On 10 December 2012 05:30, Kevin Smith <khs4473 at gmail.com> wrote:

OK, then suppose we have these two separate forms:

import x from "url"; // Bind x to the anonymous export, if defined,

otherwise error

and

import module x from "url"; // Bind x to the module instance

In the vast majority of cases the "module" keyword above can be inferred correctly at link-time based on whether or not there is an anonymous export in the target module.

If it were important for the user to disambiguate in those rare cases, and load the module instance instead of the anonymous export, then she could simply provide the optional "module" keyword.

Does that work?

I consider such second-guessing of user intention, which can lead one construct to mean completely different things, harmful. It makes code less readable and more brittle. And again, it's a semantic hack, making the language more complex. I just don't see why it would be worth it, especially since with the right choice of syntax, the two forms of declaration can easily be made equally concise.

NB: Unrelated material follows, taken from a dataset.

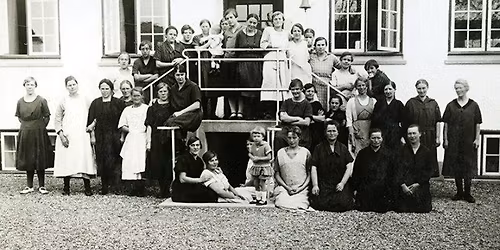 Tirsdagstr\u00e6f - Kvinderne fra Sprog\u00f8 og m\u00e6ndene fra Liv\u00f8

What's so terrible about using different constructs for different things that you want to avoid it?

# Kevin Smith (12 years ago)

I consider such second-guessing of user intention, which can lead one construct to mean completely different things, harmful. It makes code less readable and more brittle. And again, it's a semantic hack, making the language more complex. I just don't see why it would be worth it, especially since with the right choice of syntax, the two forms of declaration can easily be made equally concise.

That's true.

What's so terrible about using different constructs for different things that you want to avoid it?

I have an intuition (which may be a holdover from CommonJS modules) that a module is a kind of "function" which "returns" either a single binding or a set of named bindings, and the dual-use syntax matches that intuition.

But I agree it's conceptually more tidy with two distinct forms.